Make the names of constants begin and end with a plus (+):
(DEFCONSTANT +E+ 2.7182818)
This helps distinguish them from lexical variables. Some people
prefer to use macros to define constants, since this avoids
the problem of accidentally trying to bind a symbol declared
with defconstant.
- If your program is built upon an underlying substrate which is
implementation-dependent, consider naming those functions and
macros in a way that visually identifies them, either by placing
them in their own package, or prepending a character like a %, .,
or ! to the function name. Note that many programmers use the
$ as a macro character for slot access, so it should be avoided
unless you're using it for that purpose.
- Don't use property lists. Instead, use an explicit hash table.
This helps avoid problems caused by the symbol being in the wrong
package, accidental reuse of property keys from other
programs, and allows you to customize the structure of the table.
- Use the most specific construct that does the job. This lets
readers of the code see what you intended when writing the code.
For example, don't use SETF if SETQ will do (e.g., for lexical
variables). Use the most specific predicate to test your conditions.

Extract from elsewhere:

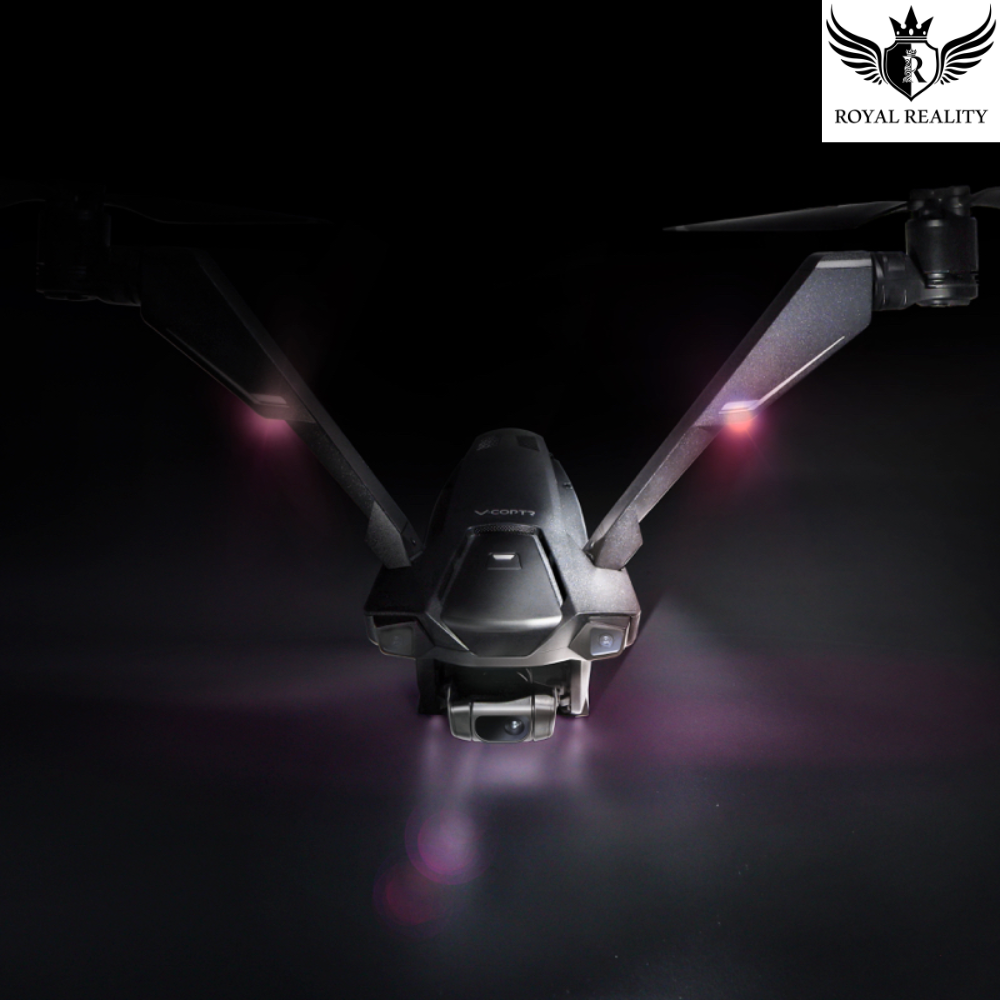 V-Coptr Falcon 4K Drone – 50 Min Flight, GPS, Twin-Rotor Power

If you intend for a function to be a predicate, have it return T
for true, not just non-NIL.
- When NIL is used as an empty list, use () in your code. When NIL
is used as a boolean, use NIL. Similarly, use NULL to test for an
empty list, NOT to test a logical value. Use ENDP to test for the
end of a list, not NULL.
- Don't use the &AUX lambda-list keyword. It is always clearer to
define local variables using LET or LET*.

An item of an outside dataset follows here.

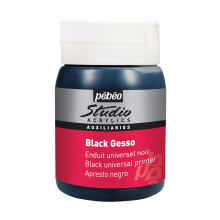 PEBEO Black Gesso Studio 500 ml, APGSB5, 524135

- When using RETURN and RETURN-FROM to exit from a block, don't
use (VALUES ..) when returning only one value, except if you
are using it to suppress extra multiple values from the first
argument.
- If you want a function to return no values (i.e., equivalent to
VOID in C), use (VALUES) to return zero values. This signals
to the reader that the function is used mainly for side-effects.

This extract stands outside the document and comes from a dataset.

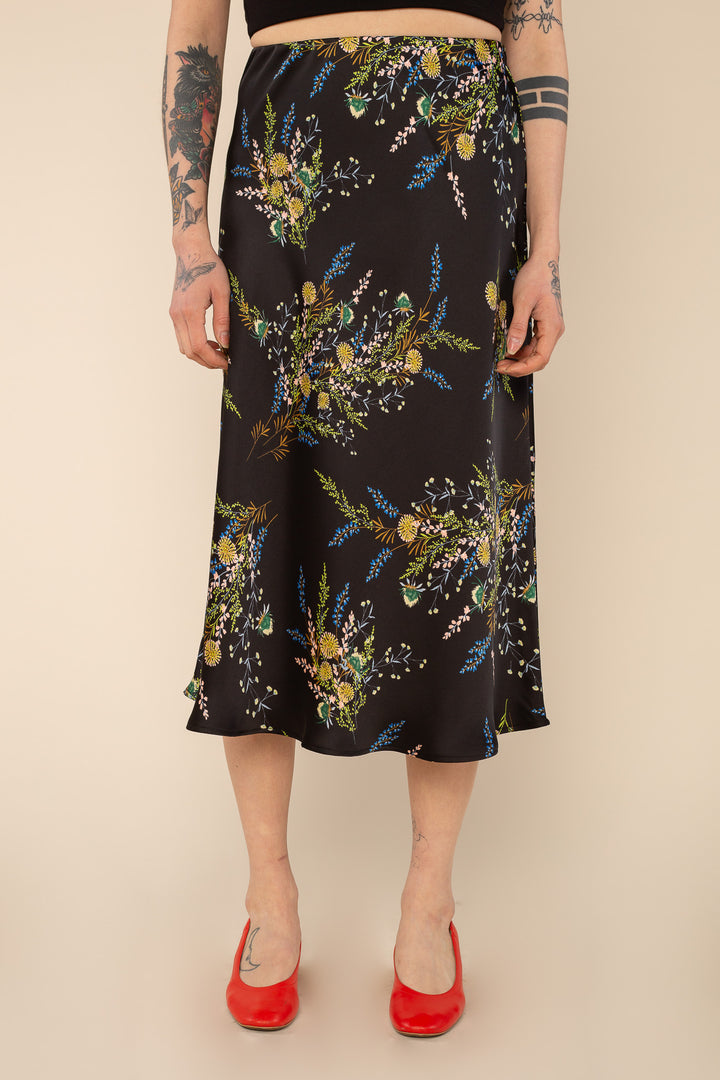 Gabriella Floral Satin Skirt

- (VALUES (VALUES 1 2 3)) returns only the first value, 1.
You can use (VALUES (some-multiple-value-function ..)) to suppress
the extra multiple values from the function. Use MULTIPLE-VALUE-PROG1
instead of PROG1 when the multiple values are significant.
- When using MULTIPLE-VALUE-BIND and DESTRUCTURING-BIND, don't rely
on the fact that NIL is used when values are missing. This is
an error in some implementations of DESTRUCTURING-BIND. Instead,
make sure that your function always returns the proper number of
values.
- Type the name of external symbols, functions, and variables
from the COMMON-LISP package in uppercase. This will allow your
code to work properly in a case-sensitive version of Common Lisp,
since the print-names of symbols in the COMMON-LISP package
are uppercase internally. (However, not everybody feels that
being nice to case-sensitive Lisps is a requirement, so this
isn't an absolute style rule, just a suggestion.)
Lisp Idioms:
- MAPCAN is used with a function to return a variable number of
items to be included in an output list. When the function returns zero
or one items, the function serves as a filter. For example,
(mapcan #'(lambda (x) (when (and (numberp x) (evenp x)) (list x)))
'(1 2 3 4 x 5 y 6 z 7))
Documentation:
- Comment your code. Use three semicolons in the left margin before
the definition for major explanations. Use two semicolons that
float with the code to explain the routine that follows. Two
semicolons may also be used to explain the following line when the
comment is too long for the single semicolon treatment. Use
a single semicolon to the right of the code to explain a particular
line with a short comment. The number of semicolons used roughly
corresponds with the length of the comment. Put at least one blank
line before and after top-level expressions.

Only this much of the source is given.